Es un resultado incluso más probable si en Estados Unidos gana Trump, que admira abiertamente al Presidente ruso Vladimir Putin y se adaptaría a la política de gran potencia de Rusia a costa de los vínculos europeos y transatlánticos. Un “momento Yalta 2.0” de este tipo impulsaría a su vez un sentimiento antiestadounidense en Europa y agravaría el daño geopolítico que sufre Occidente.
De manera similar, si en primavera gana la nacionalista de extrema derecha Marine Le Pen, significaría un rechazo de Francia a Europa. Dado que es una de las piedras angulares (junto con Alemania) de la UE, su elección probablemente marcaría el comienzo del fin de la Unión misma.
Si el Reino Unido y Estados Unidos giran hacia un neoaislacionismo y Francia abandona a Europa en favor del nacionalismo, el mundo occidental se volvería irreconocible. Ya no sería el bastión de la estabilidad y Europa caería en el caos de manera indefinida.
En este escenario, muchos volverían los ojos hacia Alemania, la mayor economía europea. Pero si bien el país pagaría el más alto precio económico y político en caso de un colapso de la UE (sencillamente, sus intereses están demasiado vinculados a los de la Unión), nadie debería esperar que resurgiera allí el nacionalismo. Todos sabemos los niveles destrucción y desgracia que puede causar en el continente.

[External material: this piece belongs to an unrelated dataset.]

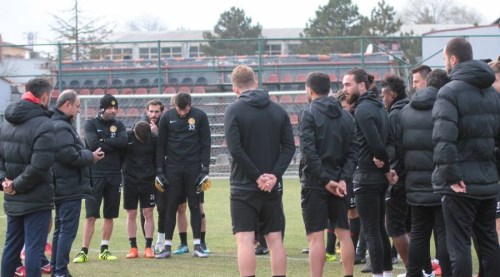 Yücel İldiz futbolcuları topladı ve...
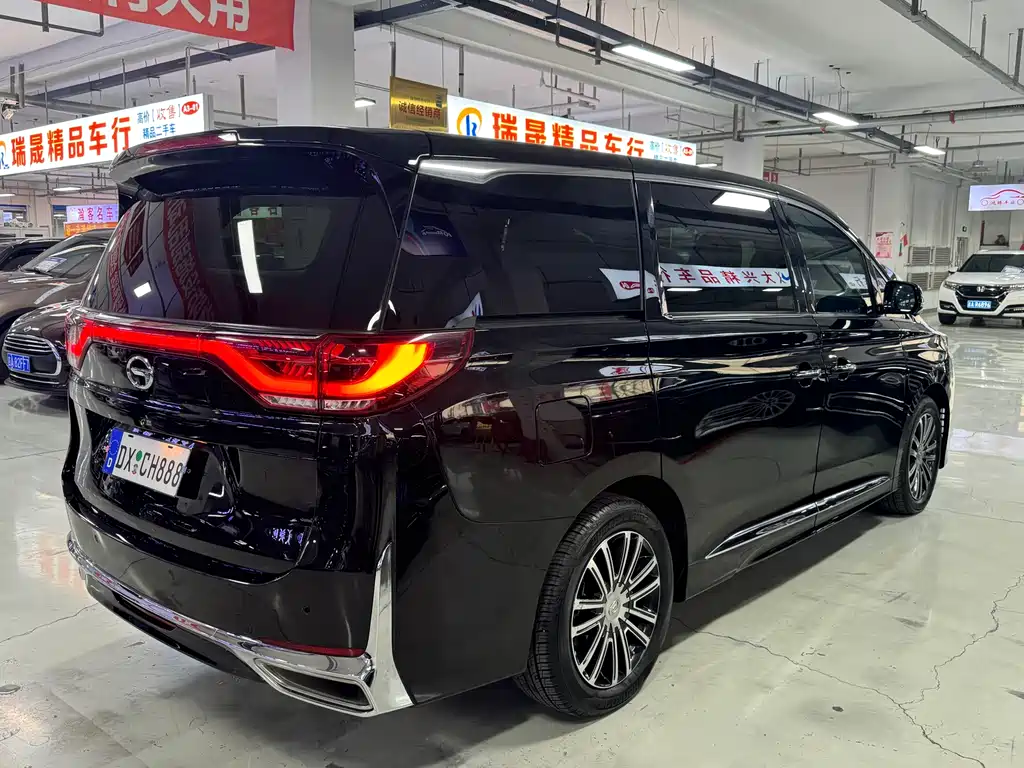 GAC Motor Trumpchi M8 2022 — фото 7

En términos geopolíticos, Alemania quedaría en un estado intermedio. Mientras Francia es claramente un país occidental, atlántico y mediterráneo, a lo largo de su historia Alemania ha oscilado entre el Este y el Oeste. De hecho, por largo tiempo esta dinámica fue un factor constitutivo del Imperio Alemán. La cuestión “este u oeste” no se decidió finalmente sino hasta la derrota total en 1945. Tras la creación de la República Federal Alemana, el Canciller Konrad Adenauer escogió a Occidente.
Adenauer había sido testigo de la tragedia alemana al completo (las dos guerras mundiales y el colapso de la República de Weimar) y pensaba que los vínculos de la joven República Federal eran más importantes que la reunificación alemana. Para él, Alemania tenía que abandonar su posición de intermediaria e integrarse irreversiblemente con las instituciones económicas y se seguridad europeas.

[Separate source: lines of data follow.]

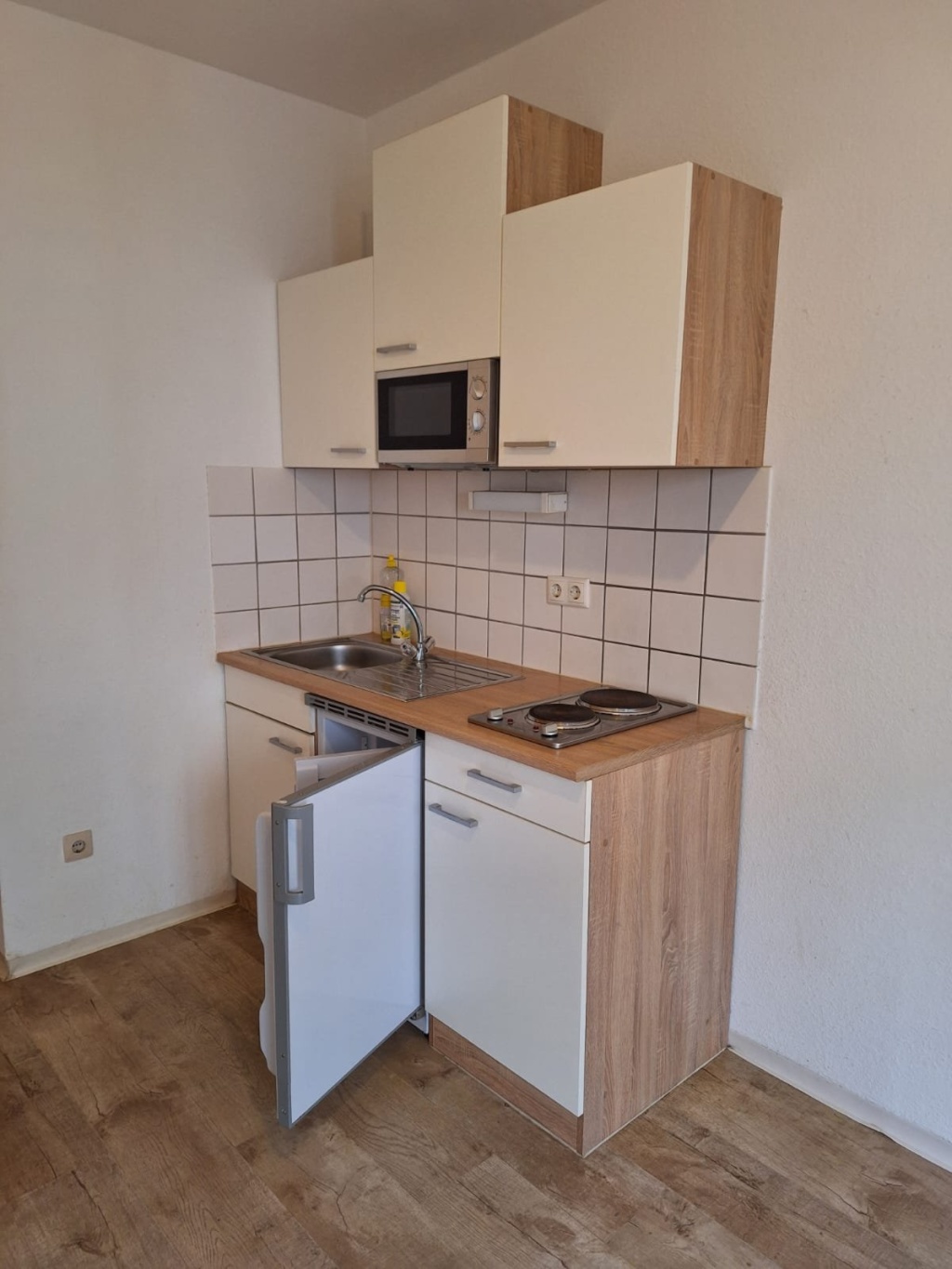 Paused - 1-Zimmer-Wohnung Nähe Stadtzentrum ideal für Student(in) – Vierzigmannstraße, 91054 Erlangen Innenstadt – Vorschaubild 3
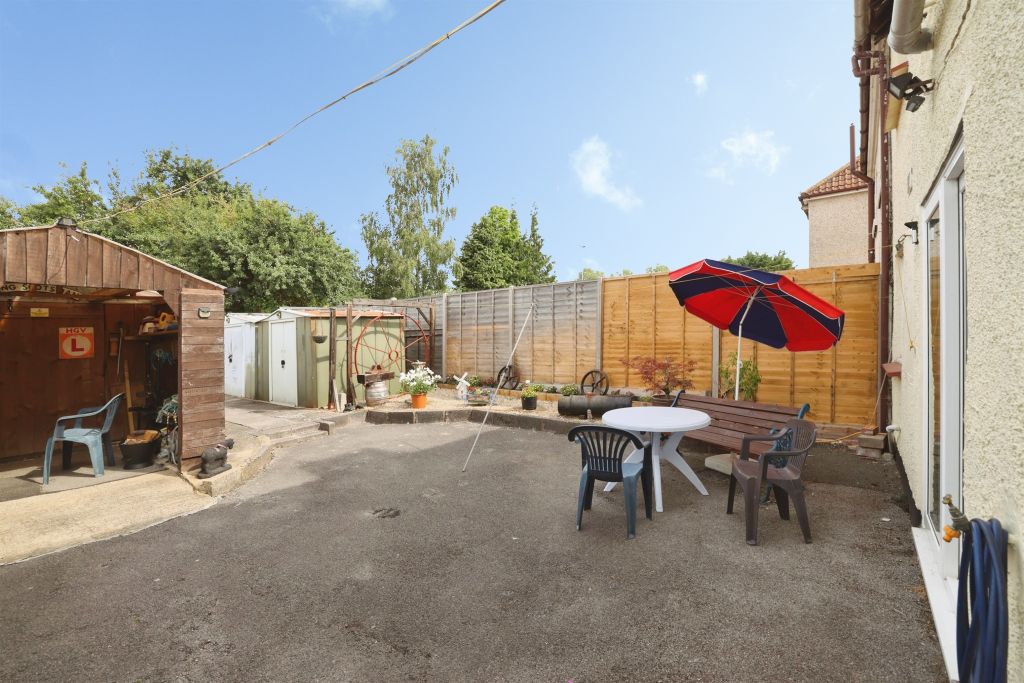 Property photo 2 of 14
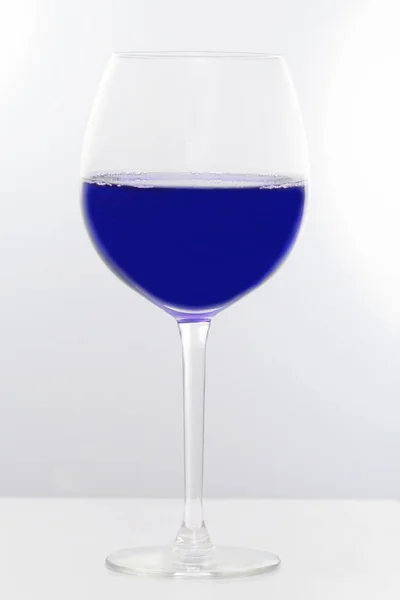Vidrio Vino Lleno Líquido Azul — Foto de Stock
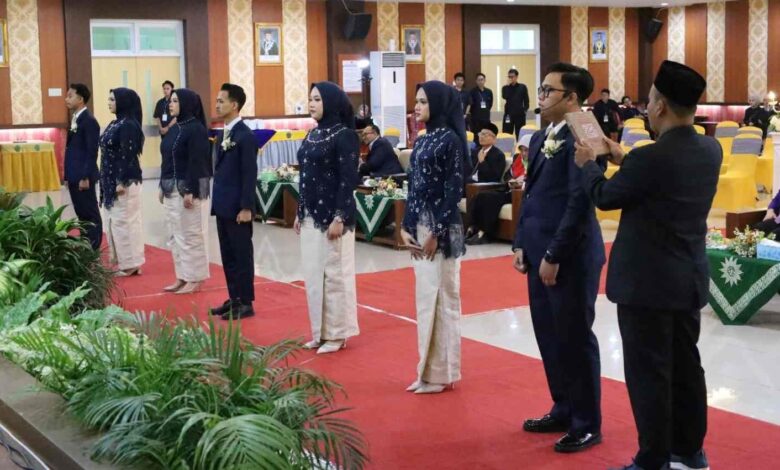 Sumpah Dokter Gigi FKG UNIMUS, prosesi pengukuhan alumni baru.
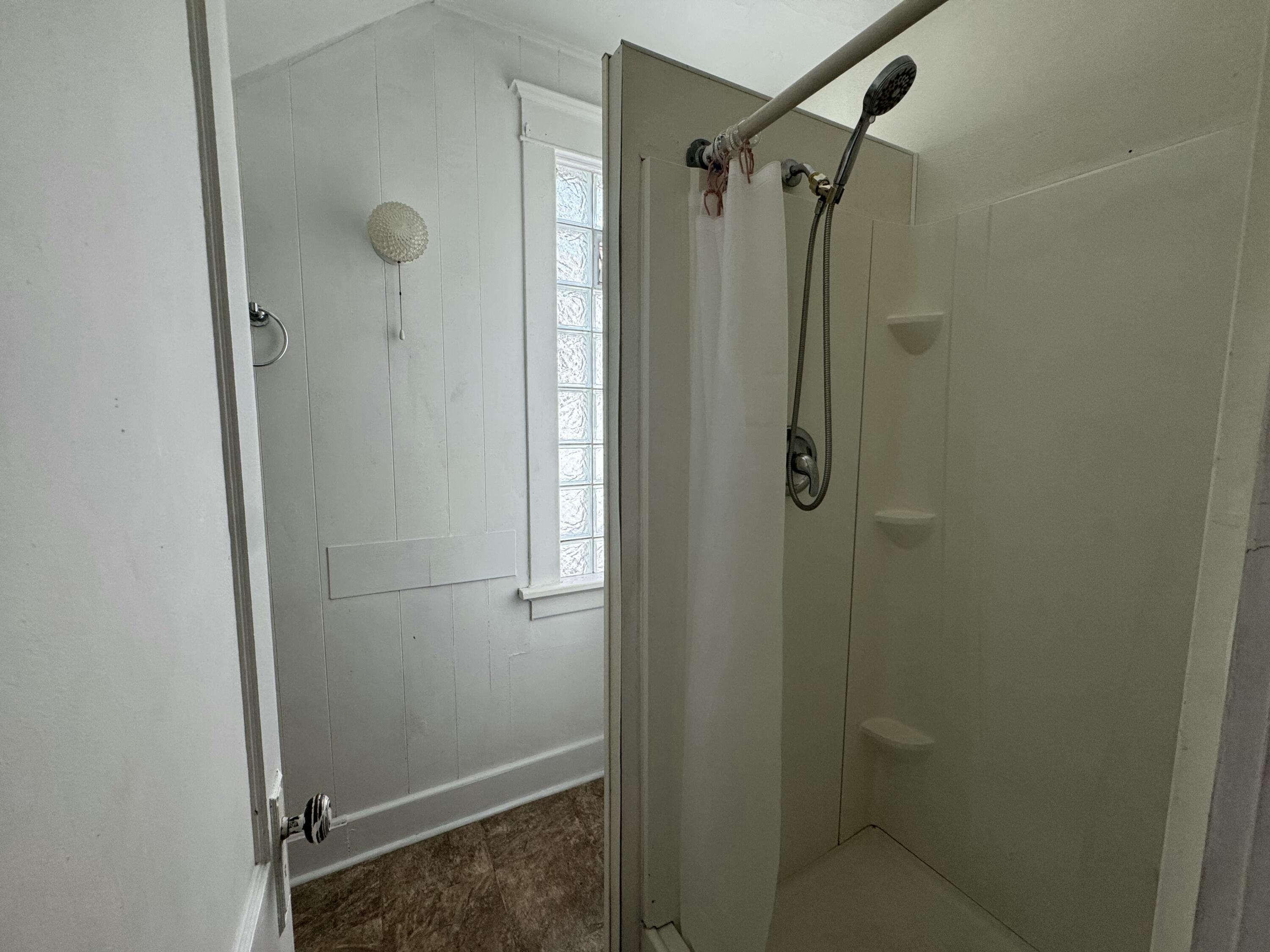 2451 South 9th Street, Unit 3 Milwaukee, WI 53215 - Photo 6 of 14 0BD9C174-088A-4C02-BBF3-78F00267F98D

El reacercamiento de posguerra entre Francia y Alemania y la integración europea bajo la UE han sido elementos indispensables de la orientación occidental alemana. Sin esos factores, podría volver a ser una tierra de nadie en términos ideológicos, lo que pondría en peligro a Europa, alimentaría peligrosas ilusiones en Rusia y obligaría a la misma Alemania a asumir retos inmanejables con respecto al continente.
La orientación geopolítica de Alemania será un tema subyacente central en las elecciones del próximo año. Si la Unión Demócrata Cristiana de la Canciller Ángela Merkel la descarta debido a su política hacia los refugiados, es probable que el partido se oriente hacia la derecha en un intento por recuperar a sus votantes que prefirieron a Alternativa por Alemania (AfD), de corte antiinmigrante y populista.

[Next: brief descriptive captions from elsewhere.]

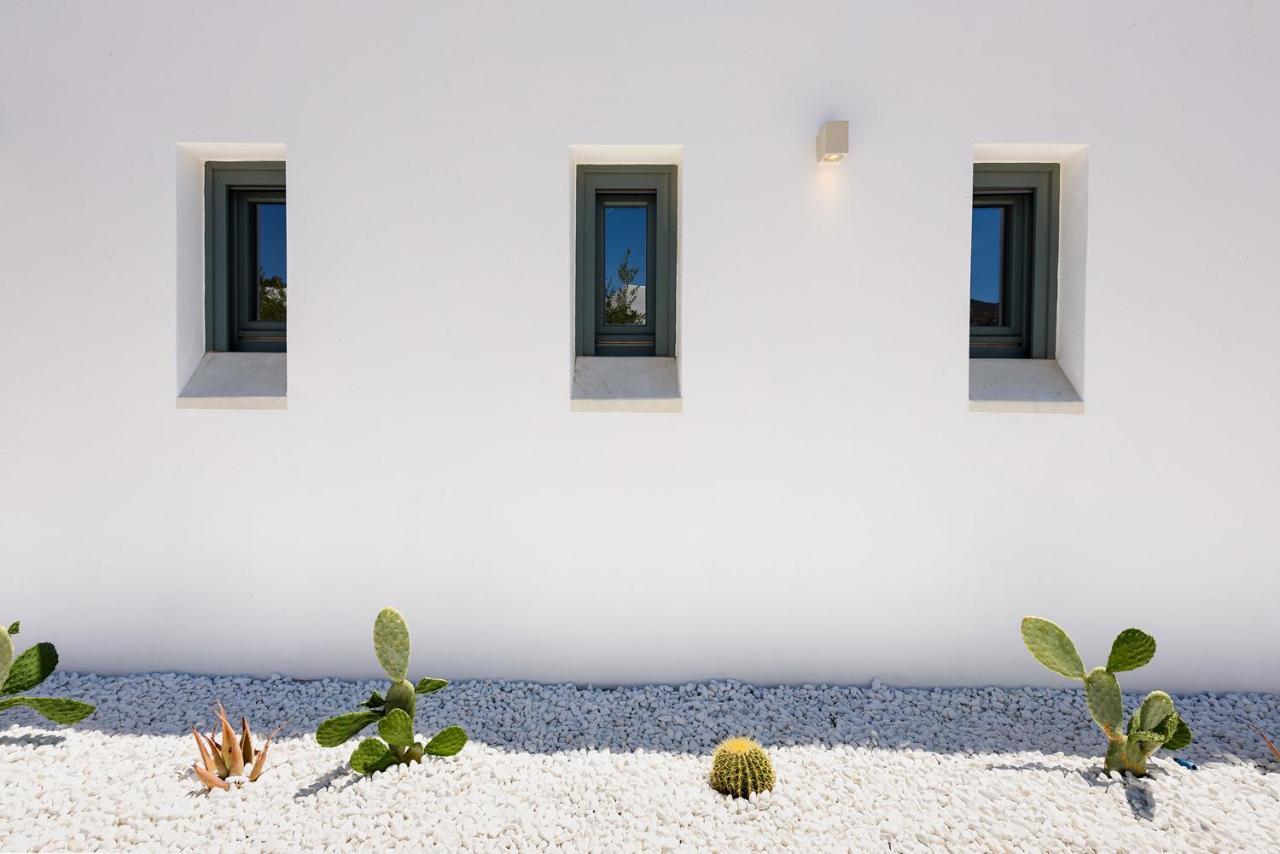 Villa Complex White And Rocks Parikia  Exterior photo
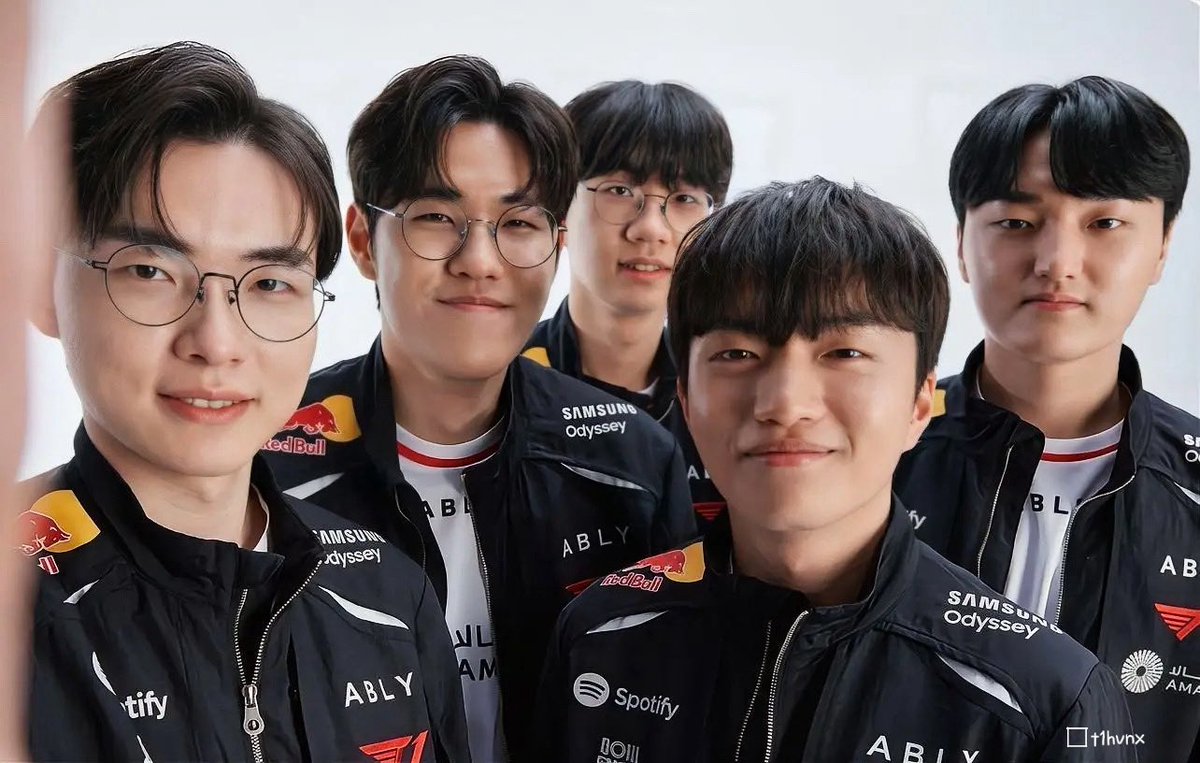 Omg, a DOFPK selfie 😍🩷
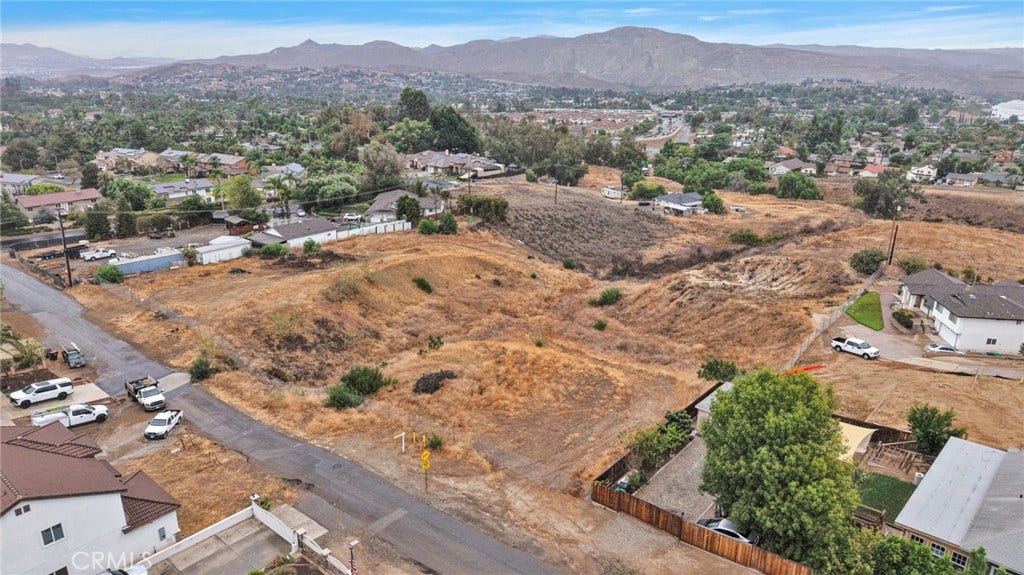3255 Howe Street, Corona, CA 92881 3255 Howe Street, Corona, CA 92881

Pero todo movimiento de la CDU para cooperar con AfD o validar sus argumentos presagiaría problemas. La AfD representa a los nacionalistas alemanes de extrema derecha (y peores) que desean volver a la vieja posición intermedia y forjar vínculos más estrechos con Rusia. La cooperación entre la CDU y AfD traicionaría el legado de Adenauer y equivaldría al fin de la República de Bonn.
Mientras tanto, existe un peligro similar desde el otro lado del espectro, porque una potencial coalición entre la CDU y AfD tendría que depender de Die Linke (el Partido La Izquierda), algunos de cuyos dirigentes desean en la práctica lo mismo que AfD: relaciones más cercanas con Rusia y nula o menor integración con Occidente.